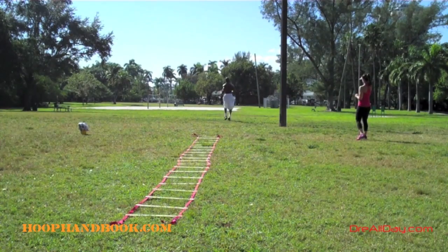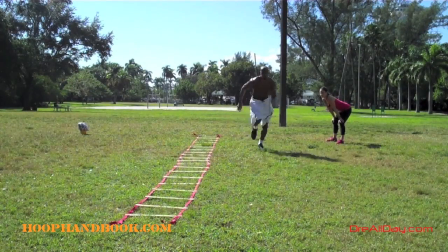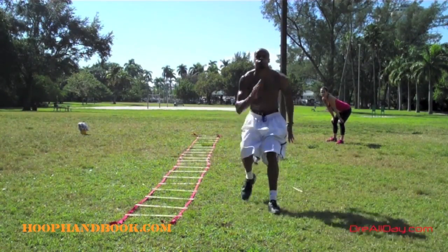This is simple basketball stuff, training for the running because in basketball you start, you stop, you got to change direction and all that.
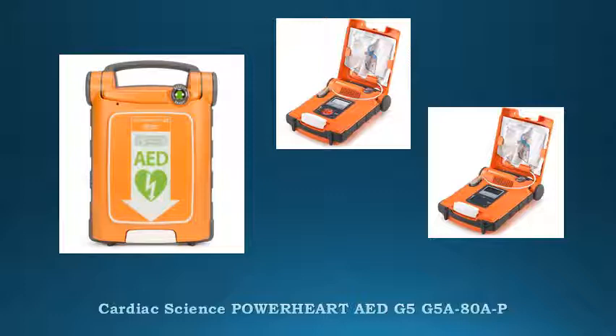PowerHeart G5 Rescue Coach. User-paced instruction, intuitive pad design, and automatic shock delivery to reduce the likelihood of human error. Semi-automatic model also available.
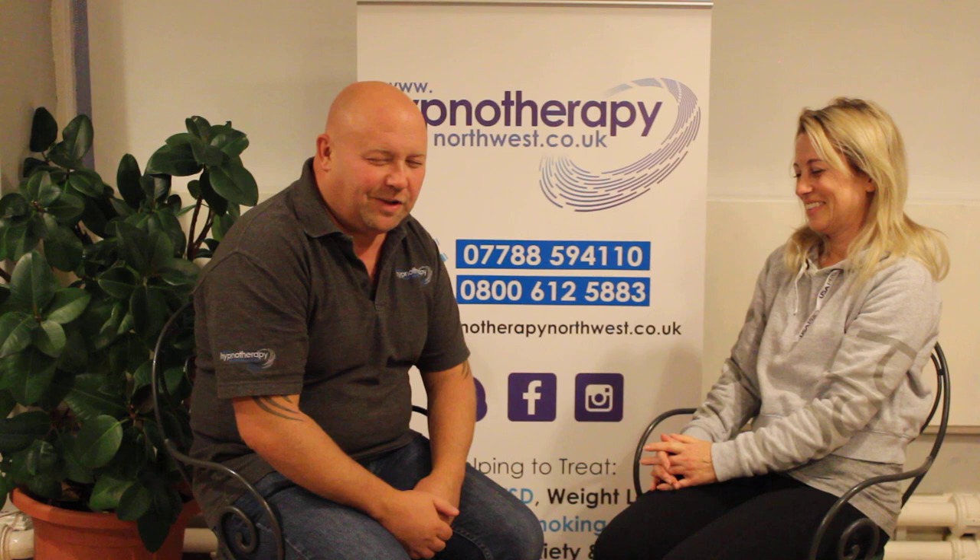So that's Magnetic Fingers. My name's Dave Ash from Hypnotherapy Northwest. If you want to learn any more, just click on the link below. Thank you.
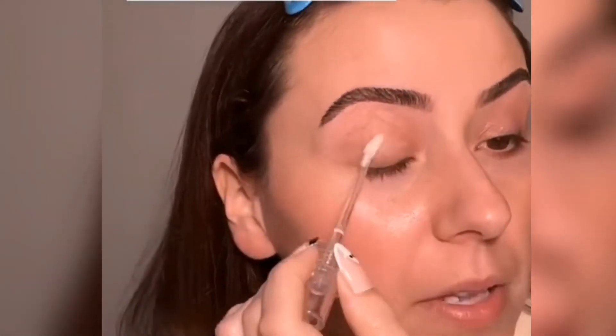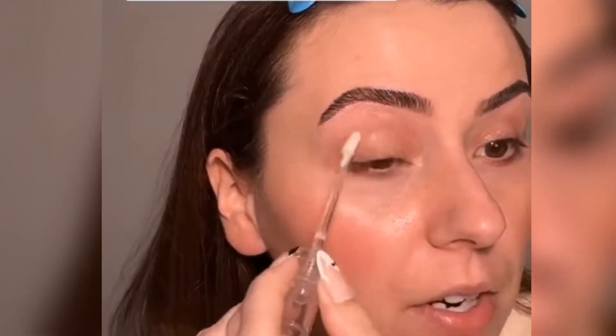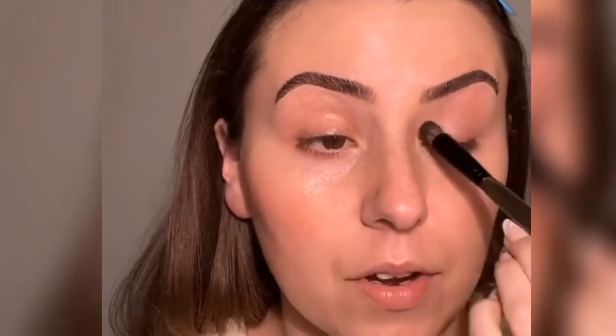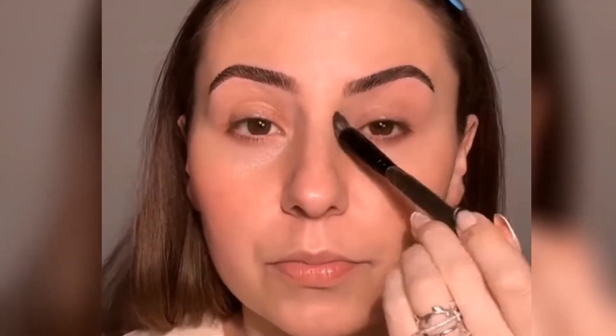We're going to use the Milk Makeup Hydro Grip eye primer today. Letting this dry down for a minute or two actually helps it perform better, so if your eyeshadow is sliding around, make sure you give it about one to two minutes to dry down. Let's just press this all over, all the way up to the brow bone.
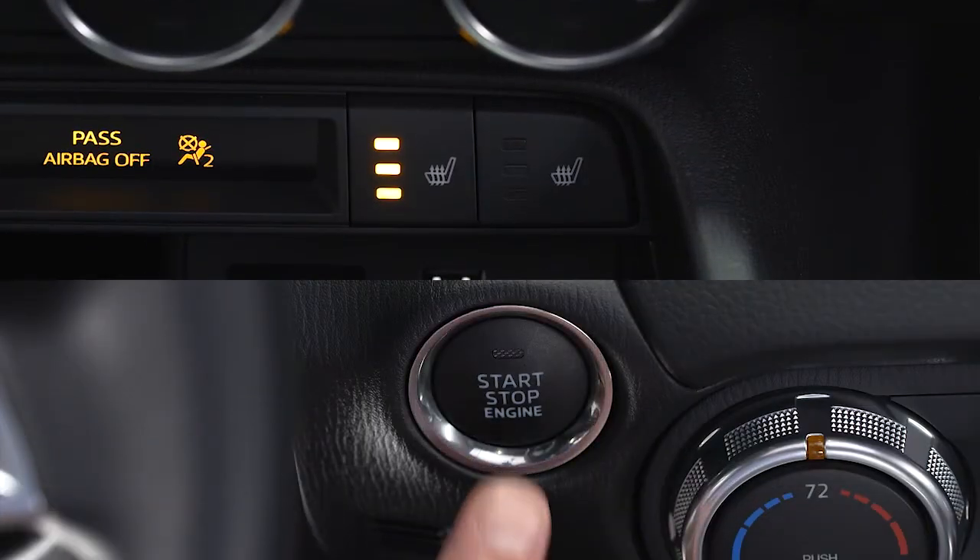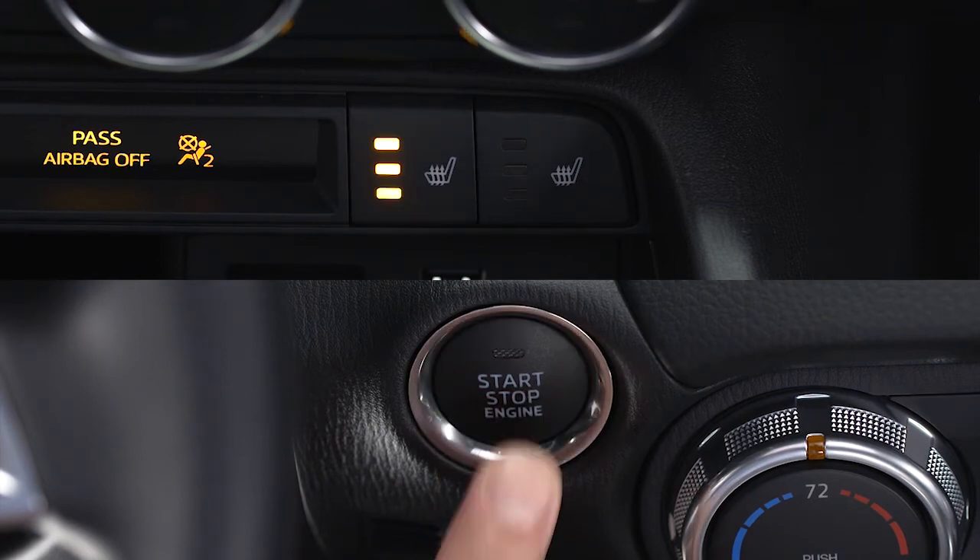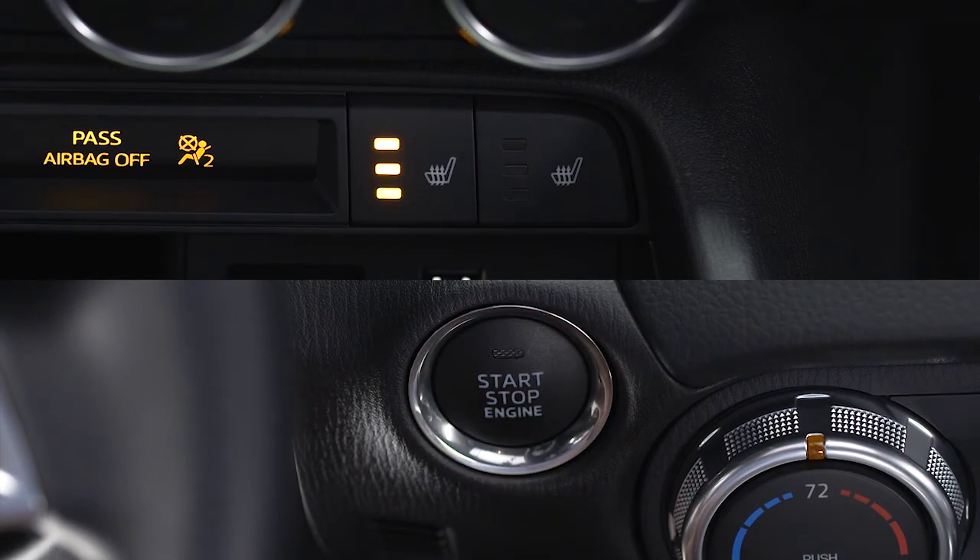If the ignition is switched off while the seat warmer is operating — high, mid, or low — and then switched on again, the seat warmer will resume operation at the last selected temperature.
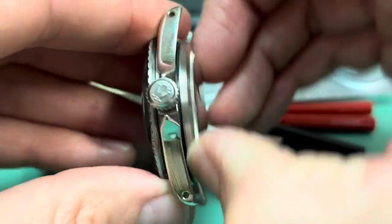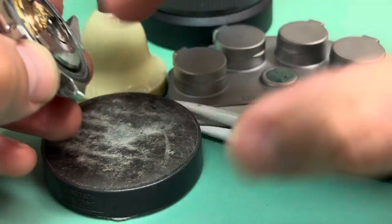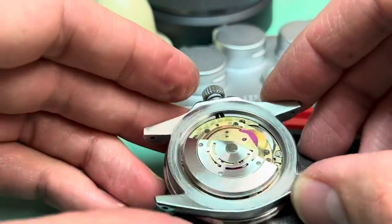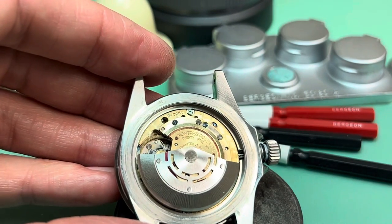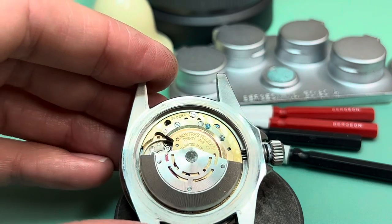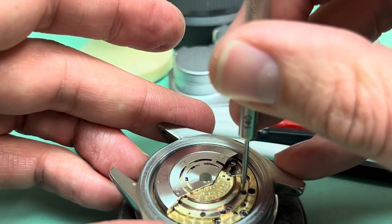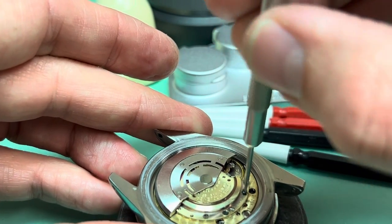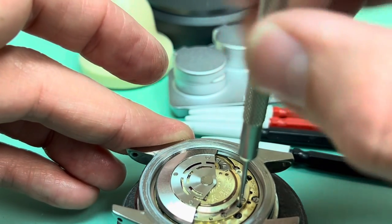Let's discuss why you do this and how it works. We can take the case back off. In this case we need to understand a little bit about the cannon pinion, because that is the clutch that's controlling the seconds hand — it's actually the clutch that's controlling all the hands when you set the watch.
□ □ □ □ □
WORK ITEM
Using the material above, retype each entry exactly and omit the pictures.

REPLY
This is simple basketball stuff, training for the running because in basketball you start, you stop, you got to change direction and all that.
PowerHeart G5 Rescue Coach. User-paced instruction, intuitive pad design, and automatic shock delivery to reduce the likelihood of human error. Semi-automatic model also available.
So that's Magnetic Fingers. My name's Dave Ash from Hypnotherapy Northwest. If you want to learn any more, just click on the link below. Thank you.
We're going to use the Milk Makeup Hydro Grip eye primer today. Letting this dry down for a minute or two actually helps it perform better, so if your eyeshadow is sliding around, make sure you give it about one to two minutes to dry down. Let's just press this all over, all the way up to the brow bone.
If the ignition is switched off while the seat warmer is operating — high, mid, or low — and then switched on again, the seat warmer will resume operation at the last selected temperature.
Let's discuss why you do this and how it works. We can take the case back off. In this case we need to understand a little bit about the cannon pinion, because that is the clutch that's controlling the seconds hand — it's actually the clutch that's controlling all the hands when you set the watch.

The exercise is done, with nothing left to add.